Setelah mengalami kekalahan dari Filipina di laga terakhir fase penyisihan grup B (21/12/2024), Timnas Indonesia pada akhirnya gagal melaju ke babak empat besar gelaran ASEAN Mitsubishi Electric Cup 2024. Imbas dari kekalahan tersebut, pihak-pihak yang tak puas pada akhirnya kembali menggemakan Shin Tae-yong untuk melepaskan jabatannya sebagai pelatih skuat Garuda.
Tak hanya menyasar coach Shin, para penggemar abal-abal yang muncul musiman saat Timnas Indonesia gagal ini juga menyenggol keberadaan Erick Thohir selaku ketua umum PSSI. Sepertimana menyadur laman Suara.com (24/12/2024), dua nama yang sukses membawa persepakbolaan Indonesia melambung tinggi di pentas internasional tersebut didesak oleh mereka yang mengaku-aku sebagai pendukung Timnas Indonesia untuk bertanggung jawab dan mundur dari jabatannya saat ini.
Namun, jika dilihat-lihat, apa yang dituntut oleh mereka yang mengaku pendukung Timnas Indonesia ini seperti salah sasaran. Pasalnya, jika kita jeli dan mengikuti perjalanan Timnas Indonesia di ajang AMEC 2024 ini, kita akan paham bahwa kegagalan ini bukanlah mutlak menjadi tanggung jawab STY, terlebih Erick Thohir.
Memang, dalam hal ini, coach Shin adalah sosok yang paling bertanggung jawab dalam menentukan pemain dan skuat. Namun, jika kita memperhatikan permainan yang dijalankan oleh Pasukan Garuda di lapangan, tentu kita akan berfokus pada tuntutan untuk menaikkan kualitas pembibitan pemain muda, atau bahkan kualitas liga yang berjalan di negeri ini.
Bagaimana tidak, skema permainan yang dijalankan oleh coach Shin di AMEC 2024 ini sejatinya relatif sama dengan saat dirinya menukangi timnas senior. Menghadapi tim lawan yang secara kualitas dihuni oleh para pemain yang lebih berpengalaman, coach Shin memainkan pola defensif, build up serangan dari kaki ke kaki, dan mengandalkan serangan balik cepat.

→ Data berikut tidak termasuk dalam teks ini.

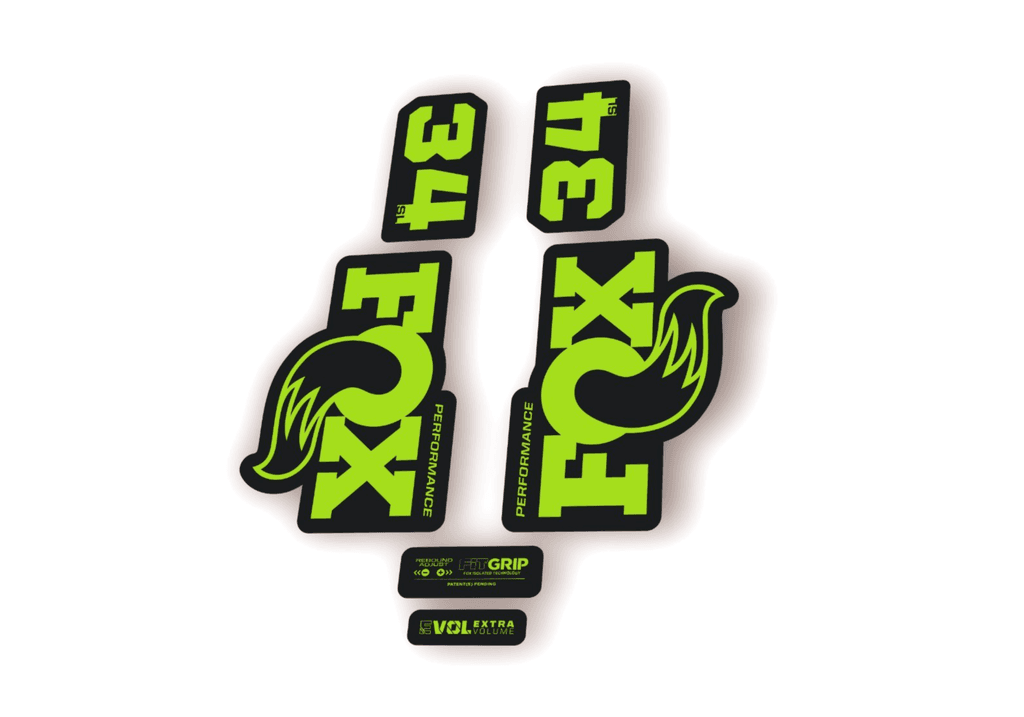 FOX 34 SL Performance 2026 Fork Factory Decal Sticker Adhesive Green - 1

Skema tersebut terbukti sangat manjur saat diterapkan di Timnas Indonesia senior. Namun, dalam empat laga yang dijalani oleh Pasukan Merah Putih, pola permainan itu sama sekali tak berjalan. Para pemain yang diturunkan oleh coach Shin di AMEC 2024, masih sering bingung dalam melakukan build up serangan.
Instruksi bola-bola pendek variasi satu-dua juga jarang terlihat dan bahkan kita lebih sering disuguhi dengan umpan-umpan panjang yang sama sekali tak efektif dalam membangun serangan. Hal ini juga diperparah dengan mentalitas pemain yang masih kurang stabil, di mana dari empat laga yang dijalani, dua kartu merah melayang ke pemain Garuda atas nama Marselino Ferdinan dan Muhammad Ferrari.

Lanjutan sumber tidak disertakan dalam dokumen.